We use Apologia curriculum in our homeschool primarily because of the creationist perspective, and notebooking is a great way to incorporate hands-on learning as well as document the subject being taught. Here is a product that will help you get the most out of the Apologia's Exploring Creation series.
Jeannie Fulbright has several notebooking journals available. I received the Botany
Notebooking Journal, which is to be used with Exploring
Creation with Botany, a botany course for elementary-age children. There are 186 spiral-bound pages plus mini-book pages for all 13 chapters of the above-mentioned text. At the beginning of the journal is a 26-week schedule for completing Exploring
Creation with Botany and using the Botany Notebooking
Journal. Colder climate alternative schedules are included.
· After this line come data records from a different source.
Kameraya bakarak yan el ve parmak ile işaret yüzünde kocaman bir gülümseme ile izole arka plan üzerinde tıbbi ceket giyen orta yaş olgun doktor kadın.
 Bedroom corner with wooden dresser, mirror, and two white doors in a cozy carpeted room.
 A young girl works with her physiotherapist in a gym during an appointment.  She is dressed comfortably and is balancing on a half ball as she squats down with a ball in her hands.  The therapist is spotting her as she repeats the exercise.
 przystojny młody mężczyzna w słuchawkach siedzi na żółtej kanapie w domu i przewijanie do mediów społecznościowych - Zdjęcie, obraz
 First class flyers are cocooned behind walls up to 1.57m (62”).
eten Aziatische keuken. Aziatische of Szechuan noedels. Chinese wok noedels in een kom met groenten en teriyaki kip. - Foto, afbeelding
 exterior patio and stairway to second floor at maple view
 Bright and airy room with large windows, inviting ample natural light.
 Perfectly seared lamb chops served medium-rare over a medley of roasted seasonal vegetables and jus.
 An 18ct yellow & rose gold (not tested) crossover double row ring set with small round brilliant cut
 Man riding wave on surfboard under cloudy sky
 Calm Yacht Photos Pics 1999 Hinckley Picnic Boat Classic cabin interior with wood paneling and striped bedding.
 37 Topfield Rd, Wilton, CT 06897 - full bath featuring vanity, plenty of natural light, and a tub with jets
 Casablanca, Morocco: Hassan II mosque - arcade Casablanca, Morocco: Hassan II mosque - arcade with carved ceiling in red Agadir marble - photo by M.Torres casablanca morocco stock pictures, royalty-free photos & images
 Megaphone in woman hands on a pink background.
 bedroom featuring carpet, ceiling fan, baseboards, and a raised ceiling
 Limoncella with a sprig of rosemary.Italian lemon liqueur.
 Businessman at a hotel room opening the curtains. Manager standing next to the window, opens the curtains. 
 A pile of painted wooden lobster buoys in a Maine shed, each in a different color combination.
Each chapter has several activities: pages divided into sections (with writing guidelines and boxes to jot down fascinating facts), review questions (some of which may frustrate young writers due to the lack of enough space to write answers), templates for recording information learned during the textbook activities, and applicable Scripture copywork (with verses in both printing and cursive). Vocabulary crosswords provide an excellent review of the words introduced in each chapter. Dig in Deeper pages suggest many additional activities you can do with your child. For example, the chapter on pollination suggests visiting a bee farm, raising butterflies, and shaking pollen from a flower onto black paper and studying it under a microscope.
The back of the book has a list of 50 questions (to be used as a final review), vocabulary crossword puzzle solutions, answers to the final review, and two field trip forms. I wish one form had been included for each chapter.
One of the nicest features of the notebooking journal is a set of full-color mini-book pages at the very back. These come with clear directions for the child to cut out, fill in information learned, and glue onto the appropriate page. Author Jeanie Fulbright emphasizes that you and your child can pick and choose among the various activities and pages. Just tear out the ones you don't do. By the end of the course, you will have a wonderful keepsake and record of your child's work.
Although the book is beautiful, some of the lettering is decidedly feminine. I kept wondering, "Would a boy enjoy using this book?" Also, some of the fonts are difficult to read because they are so ornate. This is especially true for pages 20-21, 68, and 77-80.
The Botany Notebooking Journal is $24.00 and is a consumable product, so you would need to purchase a separate book for each child. When you consider that many homeschool families have several children and that many homeschool families group their children together for history and science, this may not be a practical option for those who are teaching botany to several children.
I love the idea of this notebooking journal. The pages are beautiful, and it is an appealing book that children will want to use. By providing a schedule and a place to record learning in a fun and memorable way, this notebooking journal complements Exploring
Creation with Botany very well.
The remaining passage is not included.